Here is the latest in a series of examinations into urban legends about musicals and whether they are true or false.
MUSICAL URBAN LEGEND: Into the Woods was almost made into a film by Jim Henson Productions.
Into the Woods was Stephen Sondheim’s second straight classic musical that had unfortunate timing on the year in which is was released. Sondheim’s previous musical, Sunday in the Park With George, ended up losing the Best Musical Tony Award to La Cage aux Folles, and Into the Woods had the misfortune to come out the same year as Phantom of the Opera.
Still, Into the Woods still held its own when it came to award season, and actually beat Phantom for the Drama Desk Award for Best Musical, plus won the Tony for Best Book, Best Score and Best Lead Actress in a Musical. However, Phantom won the Tony Award for Best Musical.
Into the Woods was still a commercial success, though, and it’s really one of the more crowd-pleasing of Sondheim’s musicals, except perhaps some of the downbeat aspects of the Second Act.
The musical is loosely inspired by Bruno Bettelheim’s book about fairy tales, The Uses of Enchantment…
It follows a group of various characters from Grimm’s Fairy Tales, including Jack (of Jack and the Beanstalk fame), Cinderella, Rapunzel, Little Red Riding Hood, the Big Bad Wolf and more than one Prince Charming.

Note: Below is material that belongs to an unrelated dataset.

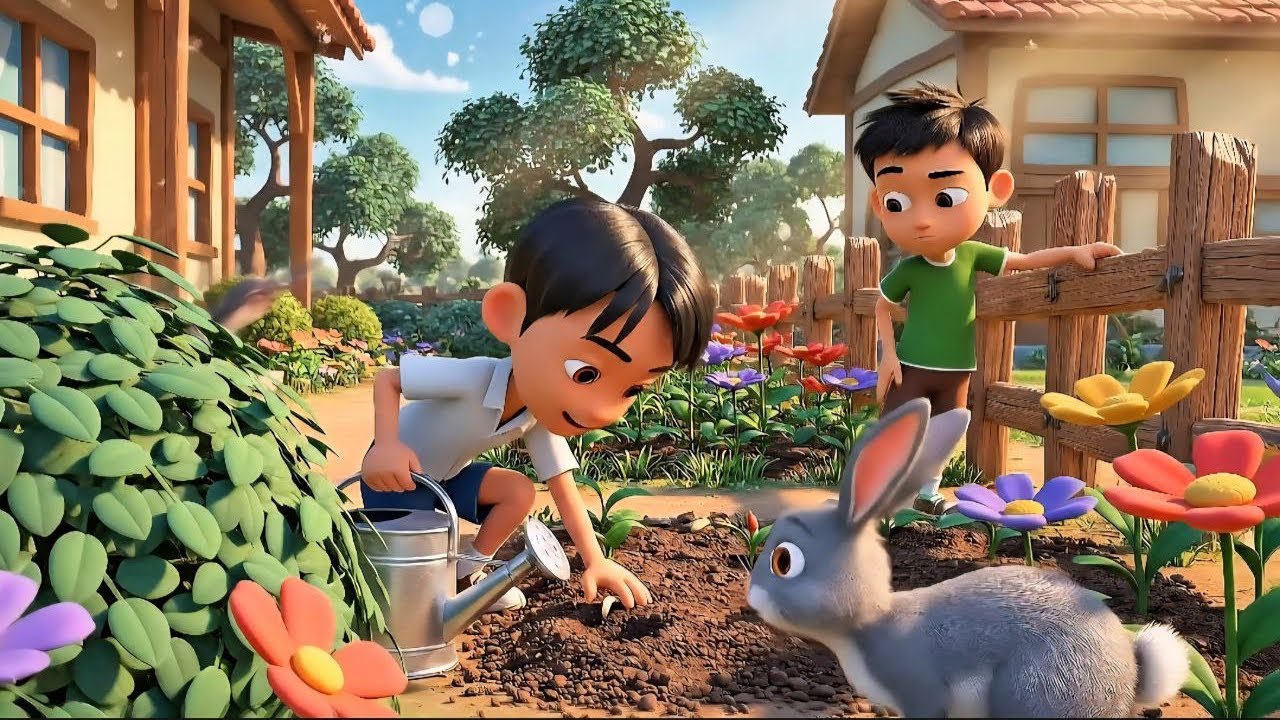 The Wise Rabbit & Hardworking Boy | Khmer Moral Story.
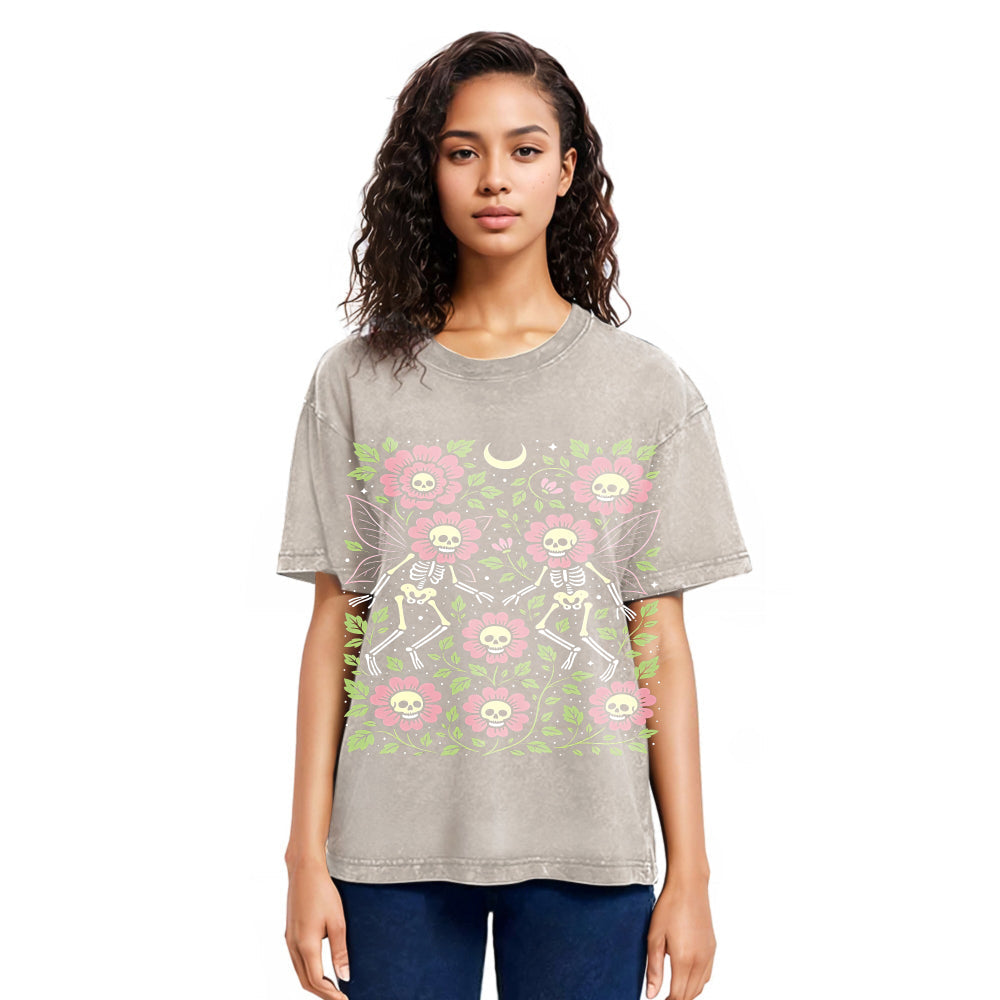 Tokyosol Skeleton Fairy Grunge Washed T-Shirt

It’s one of Sondheim’s more accessible stories, so it should not be a big surprise that it is being made into a film vy director Rob Marshall with big names stars attached to it like Johnny Depp, Meryl Streep, James Corden, Emily Blunt, Chris Pine and Jake Gyllenhaal. The film is scheduled to come out next Christmas.
However, surprisingly enough, this modern film adaptation is far from the first attempt to turn it into a movie. But who originally wanted to do it? Jim Henson Pictures! And it was going to star Muppets!
Originally, the film was optioned in 1993 by Sony, and a script for it was written by the same writing team as City Slickers.
Sondheim.com gives the details about the script:
The story basically follows that of the show’s first act, although the story unfolds in a different manner, without a narrator or a Mysterious Man.
Several confusions of the play have been fixed. For example, Rapunzel is no longer related to the Baker, nor does she give birth to twins, so the question of why the family curse didn’t affect her has been erased.
At the end of the first “act,” the Giant rises from his fall and goes on a rampage, allowing the rest of the story to unfold more-or-less as it did in Act II of the play. The intricate back stories of the Baker’s father and the witch’s mother have been deleted, eliminating “No More” and changing a bit of “Last Midnight.” There is no “second bean,” so the Baker’s wife’s scenes with Cinderella are fairly different. Finally, at the very end of the movie the wife reappears, having tricked the Giant into thinking she was dead.
In 1996, Sony and Henson Productions formed Jim Henson Pictures, and the project officially went under the heading of Henson Pictures.
Both Penny Marshall and Rob Reiner were attached to the project as directors, and at least one star-studded read-through of the script took place around this time.
However, sadly, the deal never materialized, and Henson Pictures no longer exists.
But still – how awesome would an Into the Woods film with muppets be?!!?